====== DATA LISTING ======
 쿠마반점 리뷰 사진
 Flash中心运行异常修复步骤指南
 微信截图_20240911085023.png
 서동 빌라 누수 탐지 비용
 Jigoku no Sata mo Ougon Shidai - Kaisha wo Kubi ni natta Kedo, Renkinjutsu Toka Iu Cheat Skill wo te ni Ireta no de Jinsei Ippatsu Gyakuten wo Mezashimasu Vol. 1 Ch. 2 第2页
======
Take the records above and write each one out again exactly.

 쿠마반점 리뷰 사진
 Flash中心运行异常修复步骤指南
 微信截图_20240911085023.png
 서동 빌라 누수 탐지 비용
 Jigoku no Sata mo Ougon Shidai - Kaisha wo Kubi ni natta Kedo, Renkinjutsu Toka Iu Cheat Skill wo te ni Ireta no de Jinsei Ippatsu Gyakuten wo Mezashimasu Vol. 1 Ch. 2 第2页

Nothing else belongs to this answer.